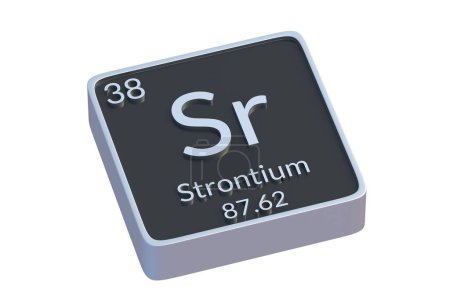 Téléchargez les photos : Strontium Sr élément chimique du tableau périodique isolé sur fond blanc. Symbole métallique de l'élément chimique. 3d rendu - en image libre de droit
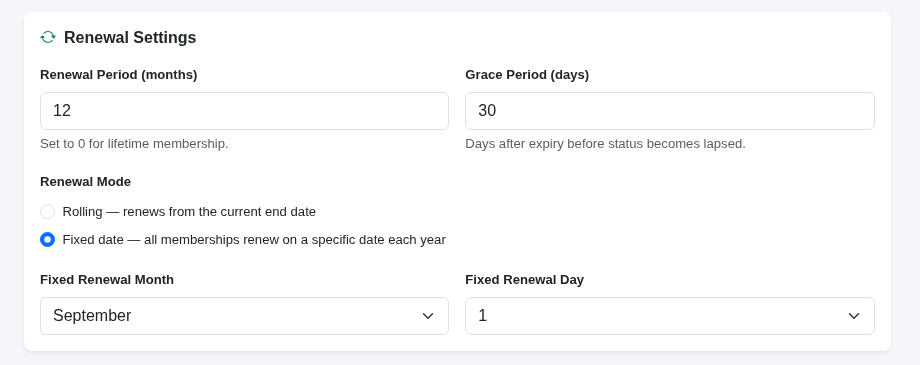 A 12-month membership that renews on 1 September each year.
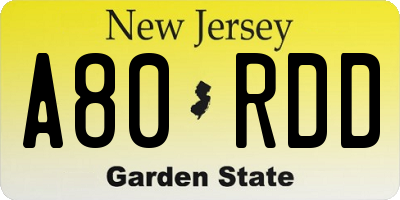 NJ license plate A80RDD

What you need to do.
What is wanted is the listing, written out exactly, with each picture removed.

Exercise result.
 Téléchargez les photos : Strontium Sr élément chimique du tableau périodique isolé sur fond blanc. Symbole métallique de l'élément chimique. 3d rendu - en image libre de droit
 A 12-month membership that renews on 1 September each year.
 NJ license plate A80RDD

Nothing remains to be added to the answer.